A CBP Agriculture K9 alerted to a shipment of personal affects arriving from Saudi Arabia. CBP agriculture specialists examined the shipment and intercepted several dead beetles and cast skins found in a bag of melon seeds.
Agriculture specialists sent the specimens to the local Animal and Plant Health Inspection Service Identifiers (APHIS) for identification, and determined the specimens to be Trogoderma granarium Everts (Dermestidae) or Khapra beetle.
“Protecting our nation’s agriculture industry from invasive plant pests and diseases is one of our many priorities,” said CBP Director of Field Operations Jeffrey O. Baldwin Sr. “This interception is an example of how effective our K9 teams can be.”
According to U.S. Department of Agriculture’s Animal and Plant Health Inspection Service, previous detections of Khapra beetle resulted in massive, long term-control and eradication efforts at great cost to the American taxpayer.

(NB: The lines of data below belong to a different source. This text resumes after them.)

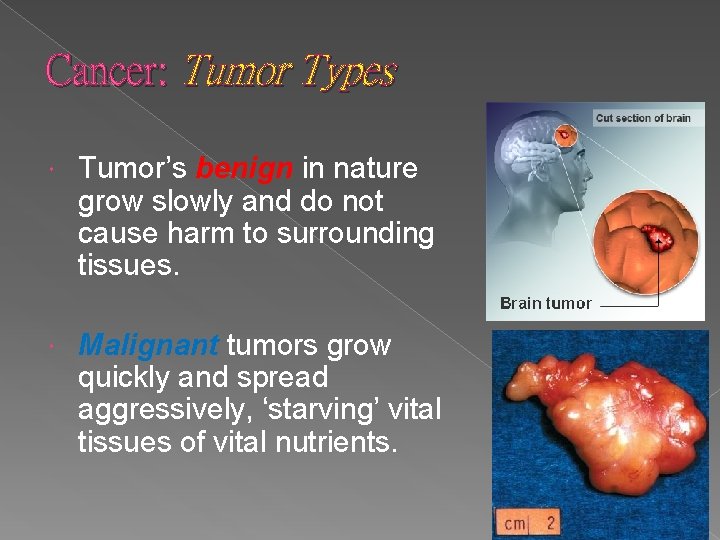 Cancer: Tumor Types Tumor’s benign in nature grow slowly and do not cause harm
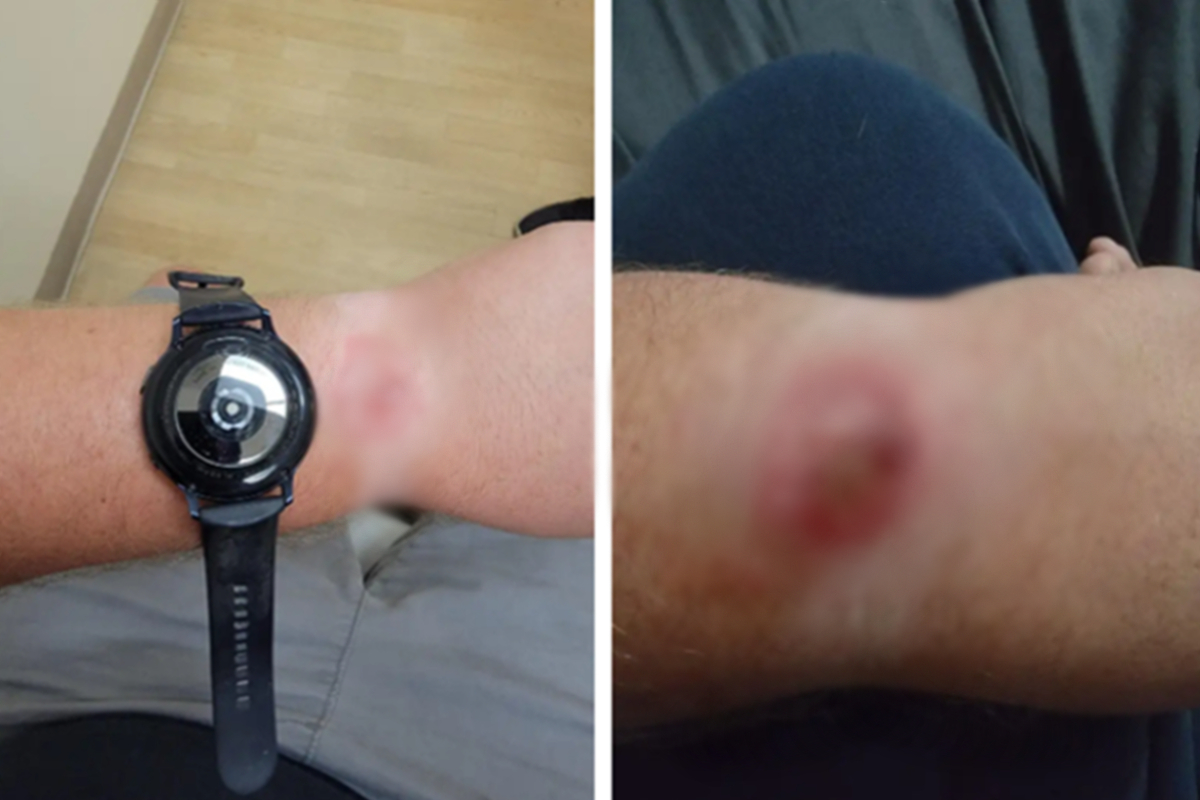 En redes un hombre aseguró que su Samsung Galaxy Watch Active 2, le causó  quemaduras en su muñeca, derivado al sobrecalentamiento de este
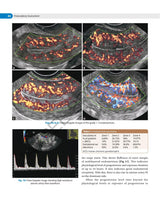 DECISION MAKING IN TRANSVAGINAL SONOGRAPHY - Retail Maharaj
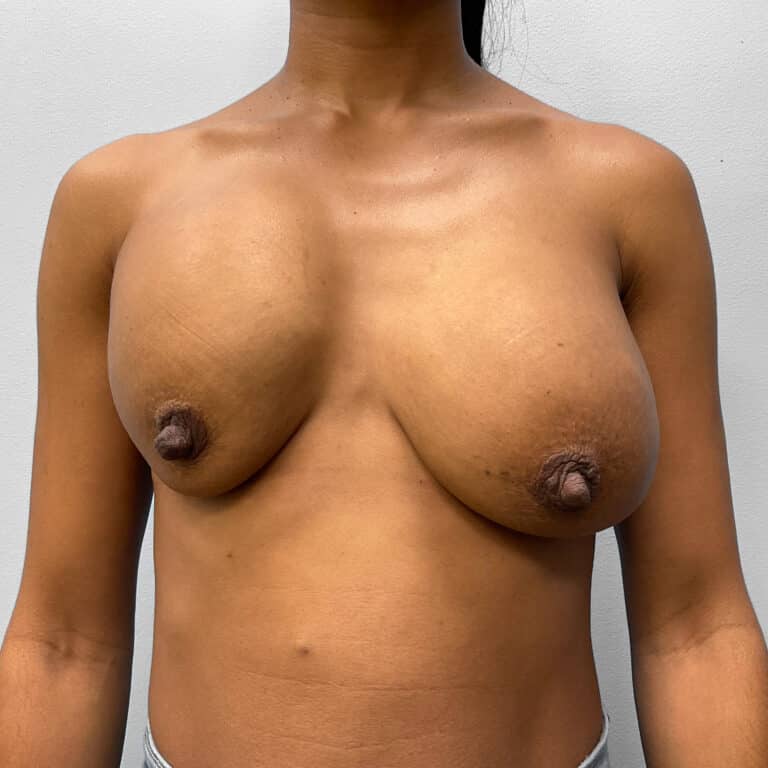 Before Image: Breast Implant Revision- Dr. Howell - front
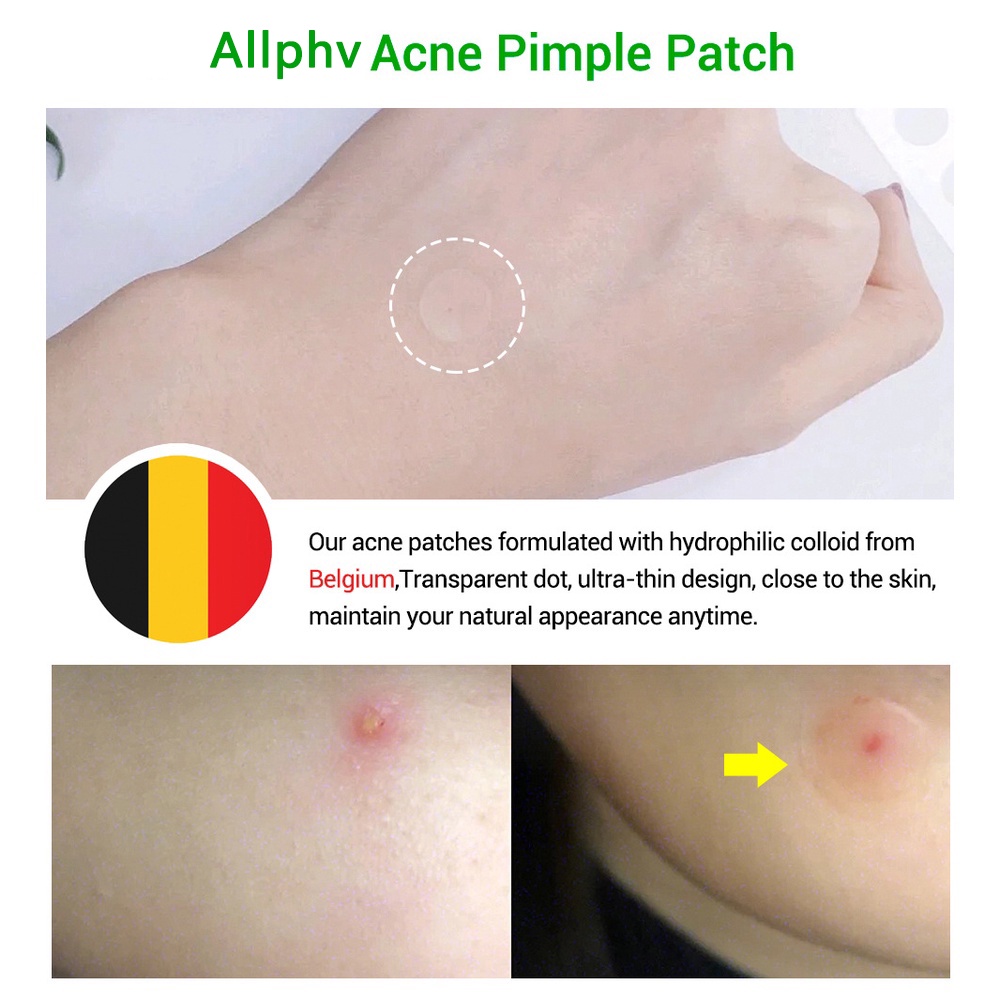 BREYLEE / ALLPHV Acne Pimple Patch Removal Penghilang Jerawat Day Use 0.1mm and Night Use 0.3mm (22 stiker)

Khapra beetle are difficult to control because they can survive without food for long periods, requires little moisture, hides in tiny cracks and crevices, and are relatively resistant to many insecticides and fumigants.
Houston CBP Agriculture Specialists have intercepted more than 20 Khapra beetles this year alone.

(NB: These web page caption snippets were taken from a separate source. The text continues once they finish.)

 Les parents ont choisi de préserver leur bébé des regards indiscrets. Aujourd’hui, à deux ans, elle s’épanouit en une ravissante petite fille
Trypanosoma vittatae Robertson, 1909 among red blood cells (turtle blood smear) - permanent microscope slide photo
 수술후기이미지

Earlier this year, CBP began enforcing a federal quarantine order that restricts the importation of rice into the U.S. from countries with known Khapra beetle infestations. The introduction and establishment of Khapra beetle into the U.S. poses a serious threat to stored agricultural products, including spices, grains and packaged foods.
These restrictions apply to all countries where Khapra beetle is known to occur, including Afghanistan, Algeria, Bangladesh, Burkina Faso, Cyprus, Egypt, India, Iran, Iraq, Israel, Libya, Mali, Mauritania, Morocco, Myanmar, Niger, Nigeria, Pakistan, Saudi Arabia, Senegal, Sri Lanka, Sudan, Syria, Tunisia, Turkey and United Arab Emirates.
Infestation affects grain quality as well as quantity. Infestation of commodities with Khapra beetle can lead to the following consequences:
- Economic loss of valuable grain or other domestic or export products
- Lowered quality of products due to contamination
- Costs associated with prevention and treatment
- Consumer health risks when exposed to products contaminated with insect parts
In the U.S., infestation can result in the loss of export markets. If the Khapra beetle became established in the United States, other countries would likely place restrictions on imports of U.S. grain, or cereal products.
The melon seeds will be destroyed by steam sterilization.